Task to carry out
Scan the records for "Medicine". Show the matching lines.

Dataset entries:
═══

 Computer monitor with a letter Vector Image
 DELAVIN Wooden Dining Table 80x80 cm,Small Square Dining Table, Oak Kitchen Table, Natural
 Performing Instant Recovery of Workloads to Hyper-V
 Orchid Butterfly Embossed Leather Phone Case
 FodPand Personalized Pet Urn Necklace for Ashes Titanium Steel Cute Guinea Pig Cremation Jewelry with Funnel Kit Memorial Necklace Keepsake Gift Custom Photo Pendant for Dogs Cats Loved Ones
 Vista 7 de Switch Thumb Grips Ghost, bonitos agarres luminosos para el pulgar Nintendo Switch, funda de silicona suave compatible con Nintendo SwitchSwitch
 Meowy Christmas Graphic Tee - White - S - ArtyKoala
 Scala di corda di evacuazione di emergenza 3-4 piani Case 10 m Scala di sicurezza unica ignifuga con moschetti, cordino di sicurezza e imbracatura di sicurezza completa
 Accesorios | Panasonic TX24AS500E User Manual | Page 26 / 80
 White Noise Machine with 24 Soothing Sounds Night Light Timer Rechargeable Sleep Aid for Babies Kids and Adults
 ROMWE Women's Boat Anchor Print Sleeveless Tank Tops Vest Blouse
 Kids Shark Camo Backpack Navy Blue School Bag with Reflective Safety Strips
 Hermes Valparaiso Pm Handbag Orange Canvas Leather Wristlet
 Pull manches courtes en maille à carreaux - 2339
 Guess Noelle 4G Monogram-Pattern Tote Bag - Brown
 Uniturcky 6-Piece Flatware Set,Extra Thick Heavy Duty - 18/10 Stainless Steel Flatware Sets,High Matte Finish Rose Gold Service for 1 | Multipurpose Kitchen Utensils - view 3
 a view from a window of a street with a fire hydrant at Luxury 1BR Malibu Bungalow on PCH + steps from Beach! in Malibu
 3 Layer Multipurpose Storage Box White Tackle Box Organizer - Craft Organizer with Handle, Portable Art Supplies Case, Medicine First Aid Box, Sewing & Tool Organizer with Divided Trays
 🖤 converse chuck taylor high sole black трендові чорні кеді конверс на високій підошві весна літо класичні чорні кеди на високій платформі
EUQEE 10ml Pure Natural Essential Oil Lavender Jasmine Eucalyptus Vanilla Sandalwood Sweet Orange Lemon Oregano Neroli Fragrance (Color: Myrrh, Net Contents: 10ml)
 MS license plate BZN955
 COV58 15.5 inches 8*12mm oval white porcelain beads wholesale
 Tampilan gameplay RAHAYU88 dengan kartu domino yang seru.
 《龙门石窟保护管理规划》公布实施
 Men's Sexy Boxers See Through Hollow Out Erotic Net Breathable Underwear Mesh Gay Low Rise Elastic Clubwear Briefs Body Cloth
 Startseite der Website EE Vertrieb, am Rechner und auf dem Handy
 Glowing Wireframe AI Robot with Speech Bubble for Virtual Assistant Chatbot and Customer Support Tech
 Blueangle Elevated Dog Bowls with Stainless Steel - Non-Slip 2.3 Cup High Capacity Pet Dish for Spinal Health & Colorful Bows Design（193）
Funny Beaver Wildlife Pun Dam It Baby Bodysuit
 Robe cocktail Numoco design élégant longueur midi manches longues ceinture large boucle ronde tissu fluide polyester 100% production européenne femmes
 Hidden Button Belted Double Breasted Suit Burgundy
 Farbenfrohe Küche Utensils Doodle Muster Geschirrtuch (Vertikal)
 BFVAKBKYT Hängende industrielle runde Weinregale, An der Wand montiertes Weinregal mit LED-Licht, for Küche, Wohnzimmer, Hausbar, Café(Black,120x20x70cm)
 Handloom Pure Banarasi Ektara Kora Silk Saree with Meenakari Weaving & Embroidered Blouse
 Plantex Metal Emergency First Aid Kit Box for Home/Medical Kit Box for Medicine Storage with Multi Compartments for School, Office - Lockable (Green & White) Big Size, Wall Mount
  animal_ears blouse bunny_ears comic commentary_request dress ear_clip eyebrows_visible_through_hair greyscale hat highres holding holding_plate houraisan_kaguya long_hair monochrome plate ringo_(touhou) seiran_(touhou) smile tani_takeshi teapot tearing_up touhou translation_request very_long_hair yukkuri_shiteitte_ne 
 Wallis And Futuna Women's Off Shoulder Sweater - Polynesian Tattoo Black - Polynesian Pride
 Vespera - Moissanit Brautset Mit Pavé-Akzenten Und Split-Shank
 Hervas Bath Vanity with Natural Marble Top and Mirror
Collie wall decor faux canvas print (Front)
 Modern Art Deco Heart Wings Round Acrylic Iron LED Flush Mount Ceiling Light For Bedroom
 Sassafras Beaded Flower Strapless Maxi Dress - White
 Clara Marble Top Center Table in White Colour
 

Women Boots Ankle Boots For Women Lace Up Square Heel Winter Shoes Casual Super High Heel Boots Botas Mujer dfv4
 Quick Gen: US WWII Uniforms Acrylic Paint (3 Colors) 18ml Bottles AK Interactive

═══

Exercise answer
 3 Layer Multipurpose Storage Box White Tackle Box Organizer - Craft Organizer with Handle, Portable Art Supplies Case, Medicine First Aid Box, Sewing & Tool Organizer with Divided Trays
 Plantex Metal Emergency First Aid Kit Box for Home/Medical Kit Box for Medicine Storage with Multi Compartments for School, Office - Lockable (Green & White) Big Size, Wall Mount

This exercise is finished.